Domestic Issues Hamper India’s progress

Context:

  • In recent decades, India has been slowly climbing up the international hierarchy, increasing its global influence enroute to emerging as one of the system’s premier great powers.

Asian century:

  • Along with China’s spectacular rise over the last four decades, India’s own remarkable progress encapsulates the current global shift of economic power from Europe and North America to Asia.
  • Together, these trends herald the true beginning of the ‘Asian century’, whereby big Asian powers will gain the capability to dominate, dictate, and ultimately define the contours of international affairs.
  • Despite being ascendant, India, however, often seems to be suffering from a perceptual ‘gulf’, whereby the country’s future potential frequently appears at odds with its current reality.

Economic Powers:

  • Driving India’s ascent in contemporary global politics has been its burgeoning economic success. With a GDP of $10.5 billion in 2018, India is now the world’s third largest economy after China and the US, with many longer-term prognoses projecting it to become the second-largest within the next 20 years.

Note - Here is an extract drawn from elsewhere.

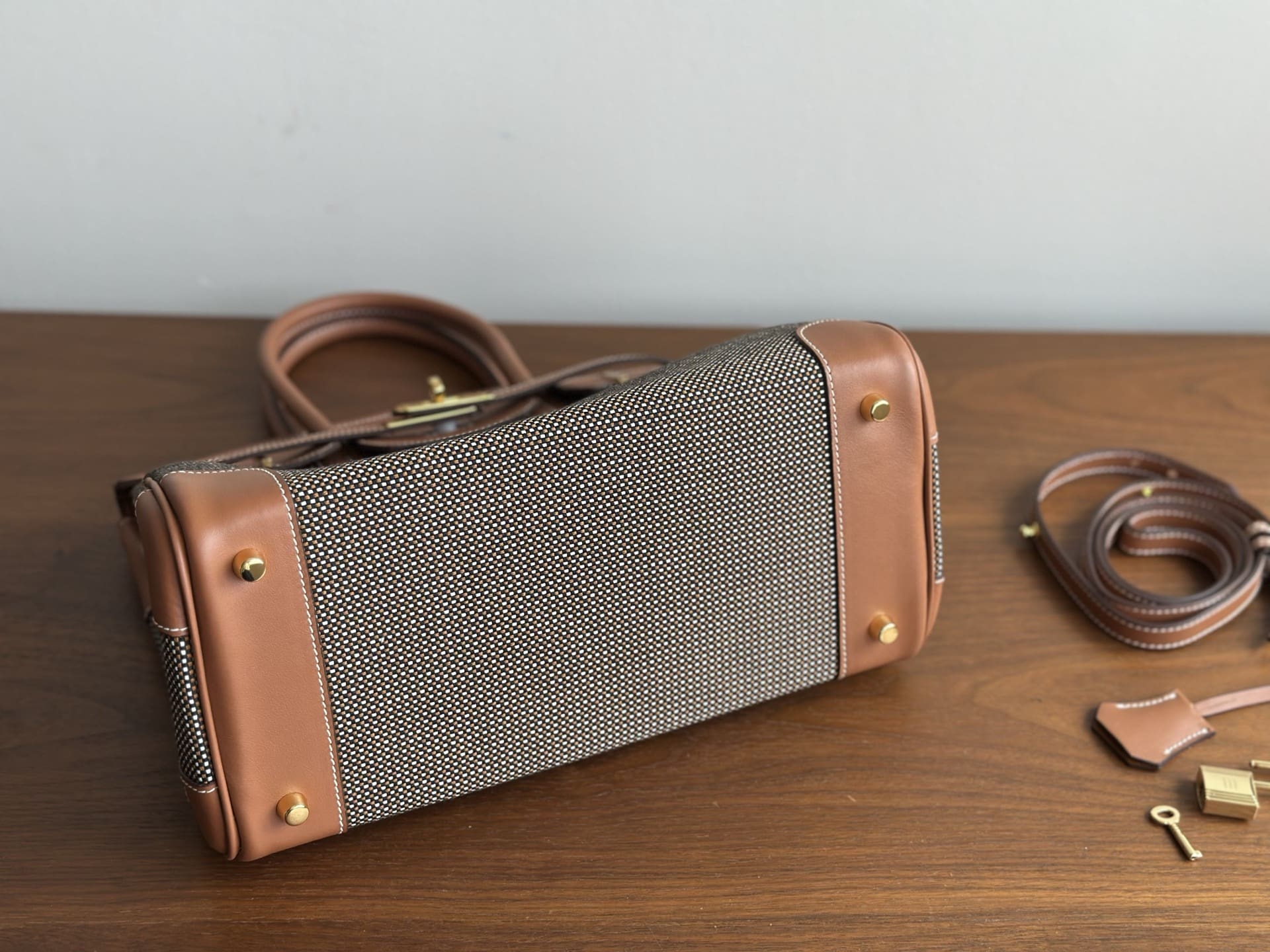 Hermès Limited Edition Gold Swift Birkin 30 Palladium Hardware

Concerns regarding to Economic Power:

  • Undercutting this trajectory are major concerns regarding the existing capacity and ability of the state to fully harness the country’s total economic potential.
  • Currently, the country’s infrastructure is not able to sufficiently support the energy, trade and business needs, which is affecting domestic production and impacting foreign direct investment.
  • Tax collection is very low, with only around 3 per cent of the population paying any taxes at all, while job creation has not been able to keep up with the one million new people entering the workforce Each Month.

Military Power:

  • India is a large and expanding military power, whose spending amounted to $66.5 billion in 2018, placing it fifth globally after the US, China, Saudi Arabia and Russia.
  • As the world’s largest arms importer for virtually the last three decades, and with major arms deals and purchases pencilled in across the next decade, analysts commonly project that India will rank third militarily in the world by 2030.
  • Such capabilities are enabling an ever-greater strategic reach in terms of the country’s energy security and trade security needs.

Concerns Regarding Military Power:

  • While these resources are expanding — India has one of the world’s largest standing armies — they are mostly used for internal security concerns to counteract separatist movements in Jammu and Kashmir, Assam, Meghalaya, and Manipur.
  • Such deployments underline the major territorial threats India faces, with 84,000 sq. km of Arunachal Pradesh and 38,000 sq. km of Aksai Chin being contested by China, while Pakistan and China together maintain claims on 2,22,000 sq. km of Jammu and Kashmir.
  • These claims represent over 11 per cent of India’s landmass. Separatism, insurgency, and communal violence have resulted in the deaths of 65,500 citizens, security personnel, and terrorists/separatists between 1994 and 2015.

Demographic Potential:

  • Both India’s economic and military power are further amplified by factors such as the size of the population (second globally, and set to be the biggest by 2030) and territory (the seventh largest globally), which underscore its potential to maintain and improve its current global ranking.
  • In particular, demographically, India’s population is far younger than the US’s or China’s (and indeed the European Union’s), pointing to a potentially larger workforce with which to sustain its upward trajectory for decades to come, and hence, its economic and military prowess.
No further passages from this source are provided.